Qualche settimana fa un manipolo di ragazzi di Cremona ha visitato il nostro Museo Popoli e Culture che raccoglie sculture e oggetti delle diverse tradizioni religiose del mondo. I ragazzi, pur ingombrati dai loro pensieri e telefonini, ascoltavano Francesca, la guida, con attenzione. Francesca è incinta di sette mesi. Forse per interesse, forse per la bellezza degli oggetti custoditi o perché di fronte ad una donna incinta, alla forma gravida del suo pancione, il rispetto, il timore reverenziale, il silenzio religioso nascono spontanei, naturali, di fatto questi ragazzi ascoltavano attenti le tranquille spiegazioni di Francesca il cui tono di voce, lievemente affaticato dall’ospite interiore, generava un’atmosfera di religioso ossequio. Un atteggiamento molto simile, direbbe il poeta, ad un inchino alla vita, un inchino al sacro dentro Francesca.

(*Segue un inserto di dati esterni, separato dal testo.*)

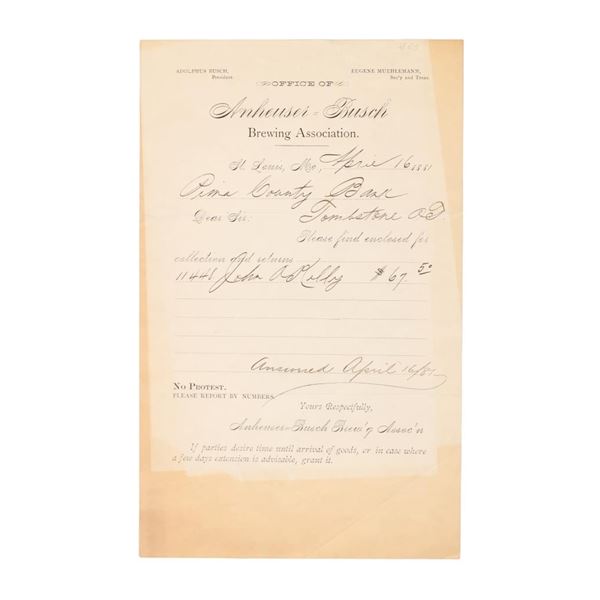 1881 Tombstone Anheuser-Busch Letter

Quel percorso certamente religioso che il Museo offriva ai visitatori, le figure e le sculture che l’anelito dell’uomo lungo i secoli ha prodotto, veniva completato dalla gravidanza di Francesca e, nel timore reverenziale dei ragazzi di fronte al mistero incipiente della vita, ho percepito il loro senso religioso, come innata percezione di un’invisibile eccedenza. Prima che per fede, per natura. Perché, direbbe Giussani, il senso religioso “è qualcosa che ci è dato con la nostra stessa esistenza; fa parte del dono dell’essere; è un elemento della struttura stessa della nostra natura”. Senza quelle ultime censure che certo laicismo, fatto di neutralità e più spesso qualunquismo, propone. E che subiamo: il politicamente corretto dei salotti e delle prime pagine, dove  “tutto cospira a tacere di noi, / un po’ come si tace / un’onta, forse, un po’ come si tace / una speranza ineffabile” (Rilke).